Former CIA deputy director slams Donald Trump's decision on Iran deal

A former deputy director of the CIA has criticised Donald Trump’s decision not to re-certify the 2015 nuclear agreement between Iran and six world powers.

John McLaughlin said it was one of the President's "worst decisions" and would "shred" America's credibility.

“Iran speech - one of Trump's worst decisions: feeds Iran hardliners, splits allies, shreds US credibility, roils congress, gift to Russia,” he wrote on Twitter.

“Trump could combat Iran's testing of missiles etc without touching nuclear deal,” he continued.

John McLaughlin at the CIA headquarters in Langley, Virginia, in 2004 (Getty)
John McLaughlin at the CIA headquarters in Langley, Virginia, in 2004 (Getty)

“But needs POTUS [President of the United States] discipline, hard work so far lacking.”

The Obama-era deal lifted crippling international sanctions on Iran in exchange for Iran’s agreement to restrict its nuclear programme for at least 10 years.

In a speech on Friday, Mr Trump said removing sanctions had given the “fanatical regime” in Iran a financial boost, increasing its ability to fund terrorism. He accused Iran of spreading “death, destruction and chaos around the globe”.

Mr Trump said he would not re-certify Iran’s compliance with the agreement, formally known as the Joint Comprehensive Plan of Action (JCPOA). He threatened to terminate the agreement unless Congress devised a deal placing tougher requirements on Iran.
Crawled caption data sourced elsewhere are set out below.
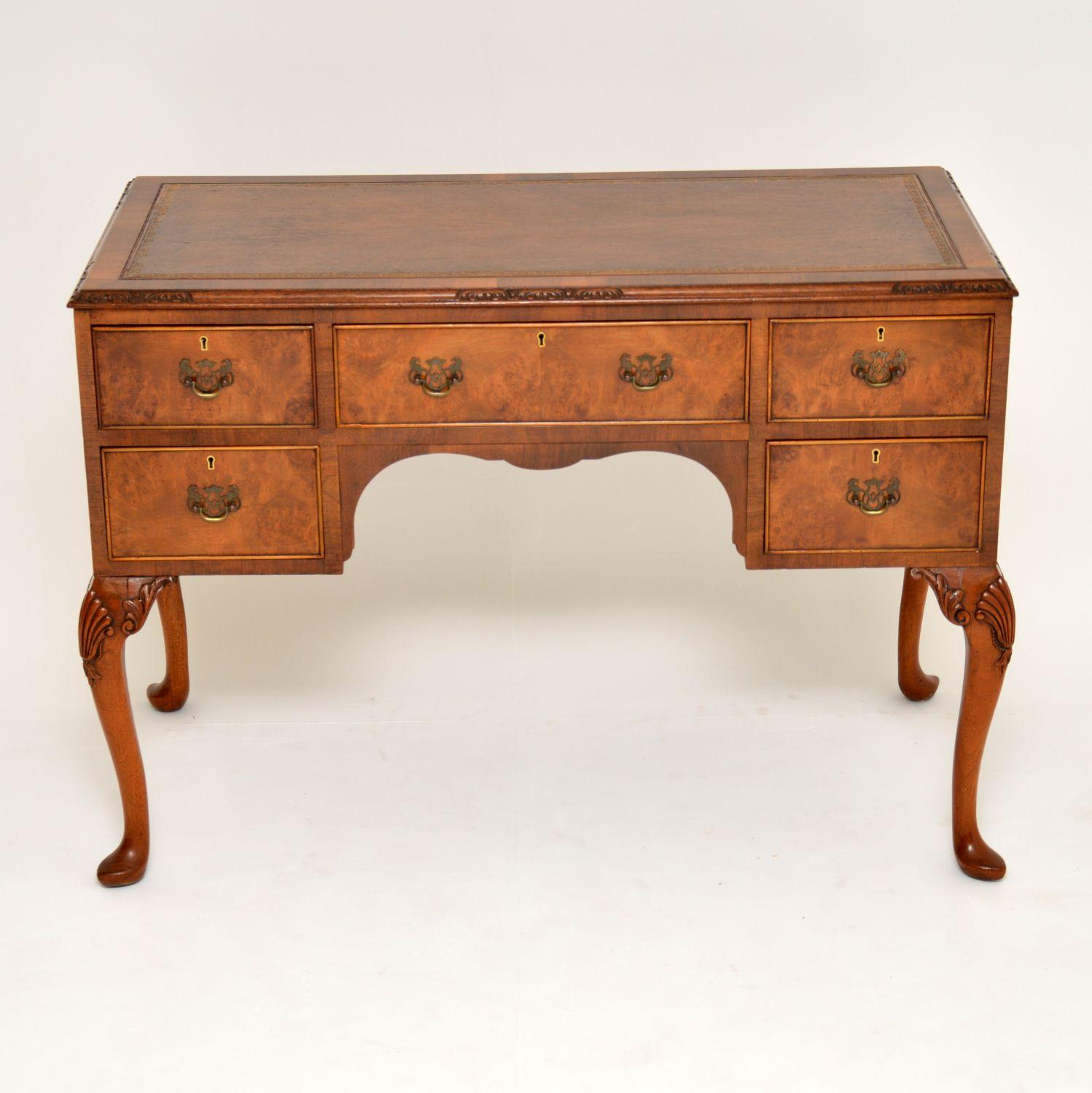 Fine quality antique Queen Anne style walnut leather top desk is excellent condition & dating from circa 1930s period. It has a tooled leather writing surface & a top edge that’s intermittently carved all the way around. The drawer fronts are burr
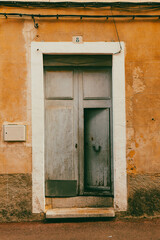 Weathered wooden door set in a textured orange wall. The door has a faded blue-gray hue and is framed by a white border. Above, a small plaque displays the number "8".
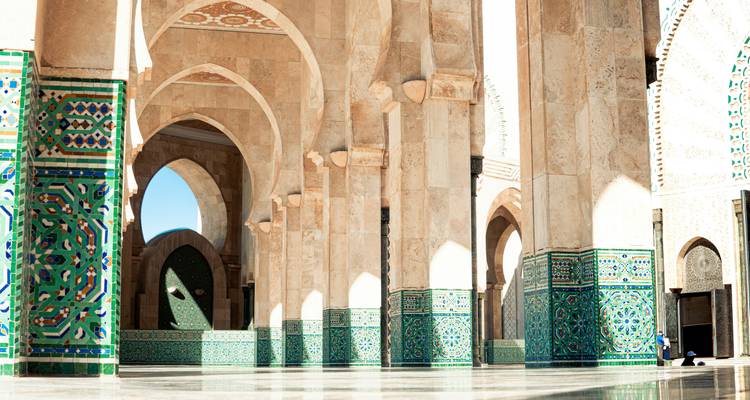 Sonnenlicht strömt durch verzierte Bögen und Säulen mit Mosaik-gekachelten Sockeln in der Hassan-II-Moschee und erzeugt geometrische Schatten auf dem polierten Boden.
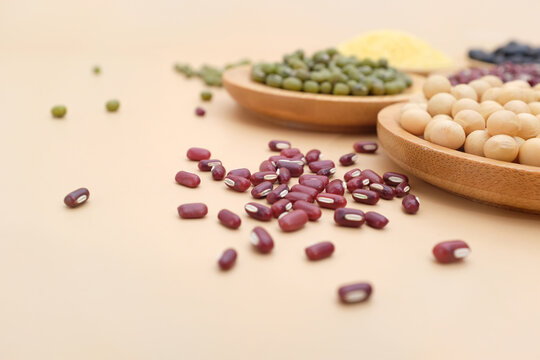 Various types of beans displayed in wooden bowls with scattered grains on a light background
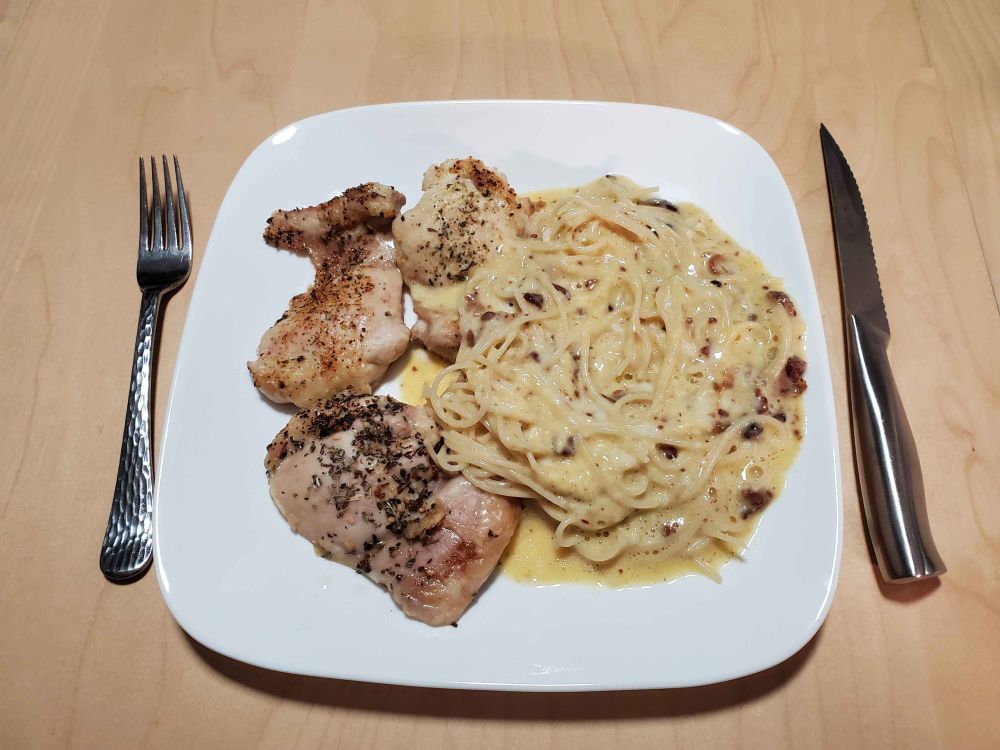 Spaghetti Carbonara made with 2 eggs, a 1/4th cup of mozz cheese, a pinch of bacon bits and 2oz of Carbe Diem Spaghetti (16g net grams of carbs and 110 calories) with 3 chicken thighs, boneless, each seasoned with a different type of bread dip seasoning mix to add extra variety!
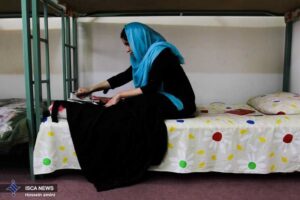 خانمی در حال اتوی لباس روی تخت خوابگاه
“We will not continue down a path whose predictable conclusion is more violence, more terror and the very real threat of Iran's nuclear breakout,” he said.
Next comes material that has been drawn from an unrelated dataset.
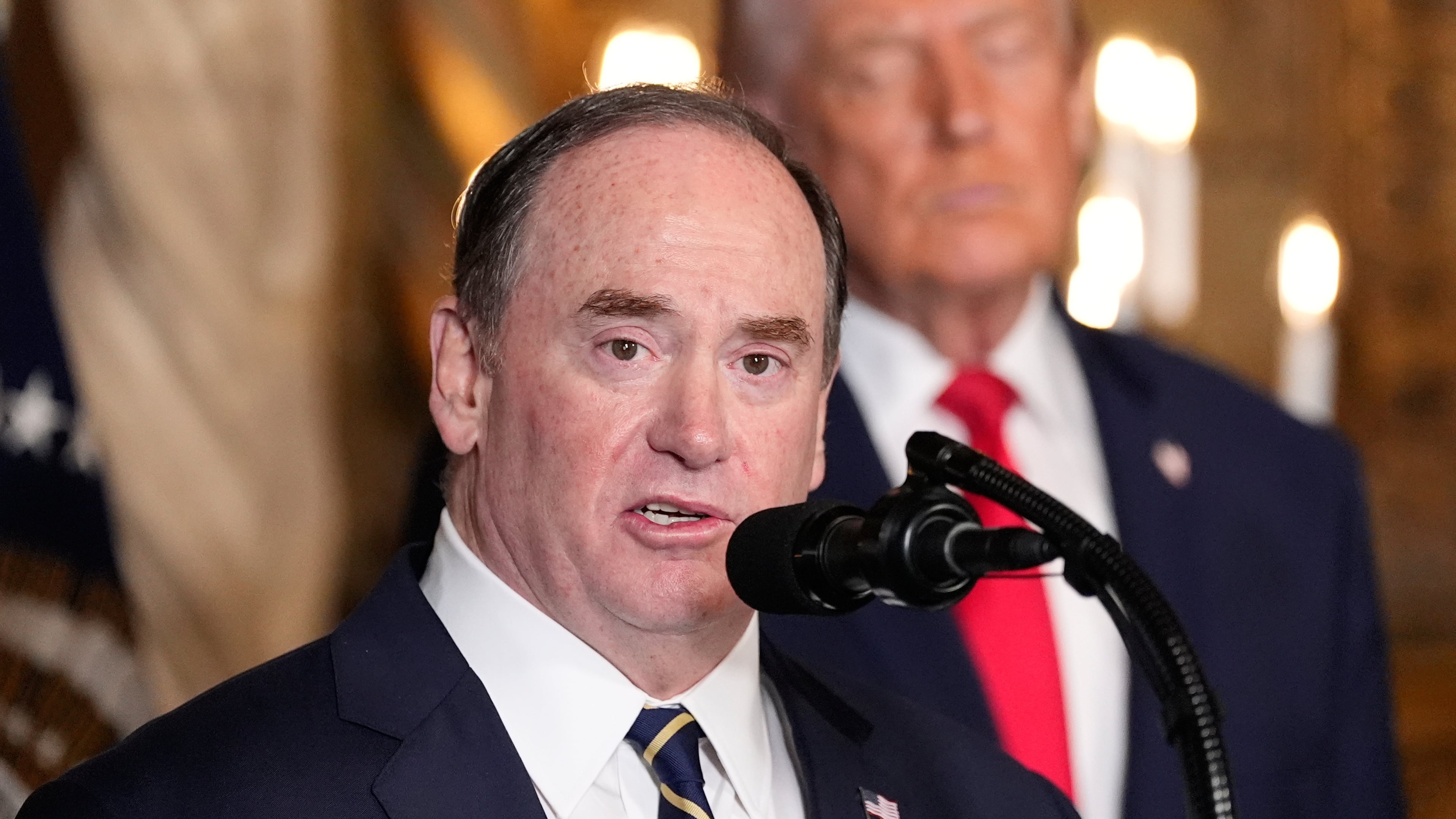 FILE - Secretary of the Navy John Phelan speaks, as President Donald Trump listens, at Trump's Mar-a-Lago club, Dec. 22, 2025, in Palm Beach, Fla. (AP Photo/Alex Brandon, file)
Iran announced in September it had successfully tested a ballistic missile and claimed its tests did not contravene JCPOA. But a UN resolution asks Iran not to develop any ballistic missile capable of carrying nuclear weapons.
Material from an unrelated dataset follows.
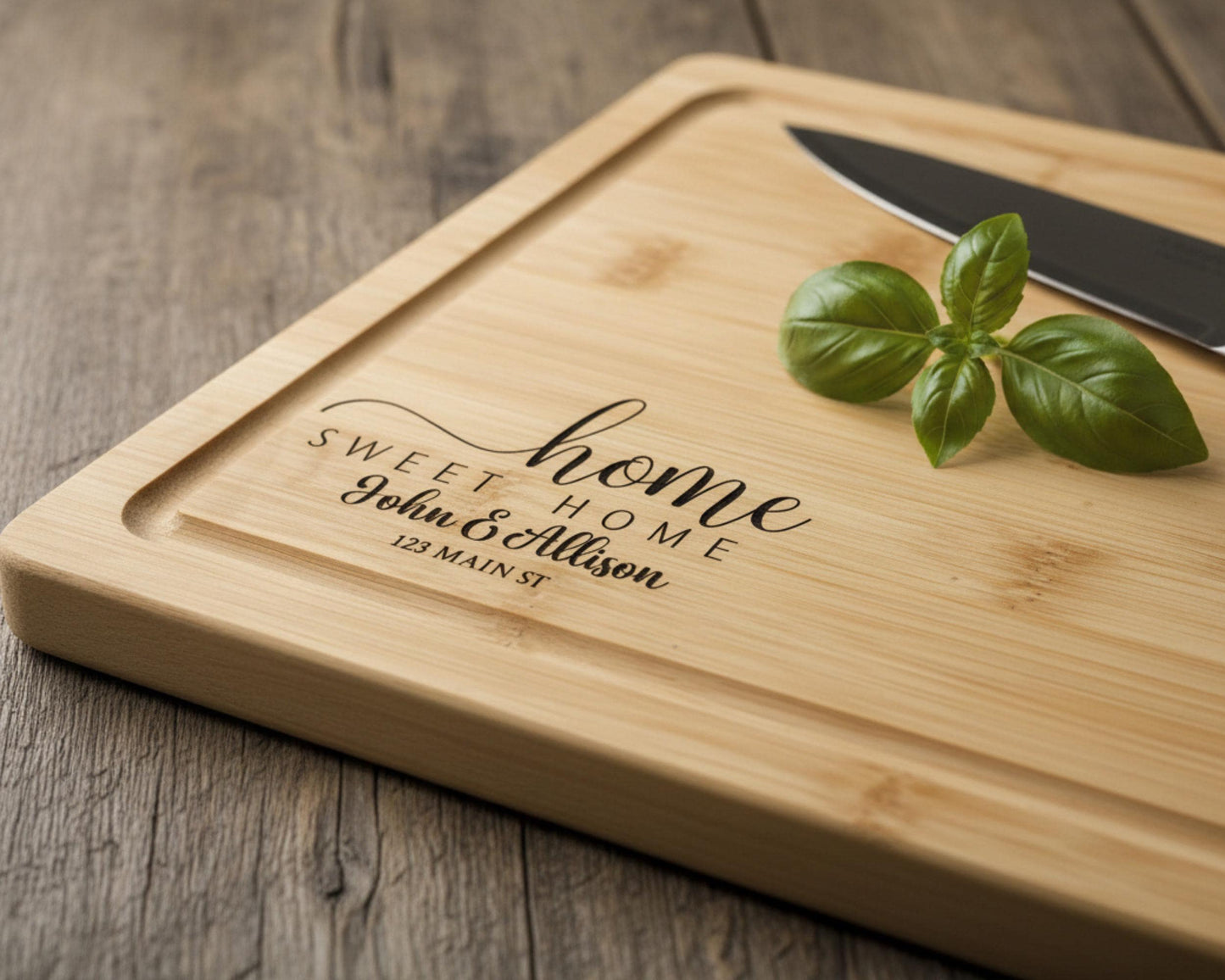 A wooden cutting board with a knife and a sprig of basil on it, along with a personalized message engraved on the board.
Mr Trump's speech "hands a tool to Iran's hardliners who attacked Iran’s more pragmatic president Rouhani for entering the deal", Mr McLaughlin wrote in The Cipher.

Five of the six other parties in the deal, including the EU, UK, France, Germany, Russia, have declared their continuing support for the agreement following Mr Trump's announcement. The sixth party, China, called on the US before Friday to preserve the agreement.

“Russia of course does not support the US position, nor does China,” pro-Kremlin MP Alexi Pushkov told Russia’s state-run Rossiya-24 TV station.

“So Trump will be left in proud isolation in an attempt to improve his image among his own supporters.”

However, US allies Israel and Saudi Arabia have come out in support of Trump’s decision.

Mr McLaughlin previously said Mr Trump’s address to 40,000 Boy Scouts at their annual meeting “had the feel of a third world authoritarian’s youth rally”.

Mr McLaughlin was deputy director of the CIA under Presidents Bill Clinton and George W Bush, then acting director.

He retired in 2004 after 32 years of service and now teaches at Johns Hopkins University.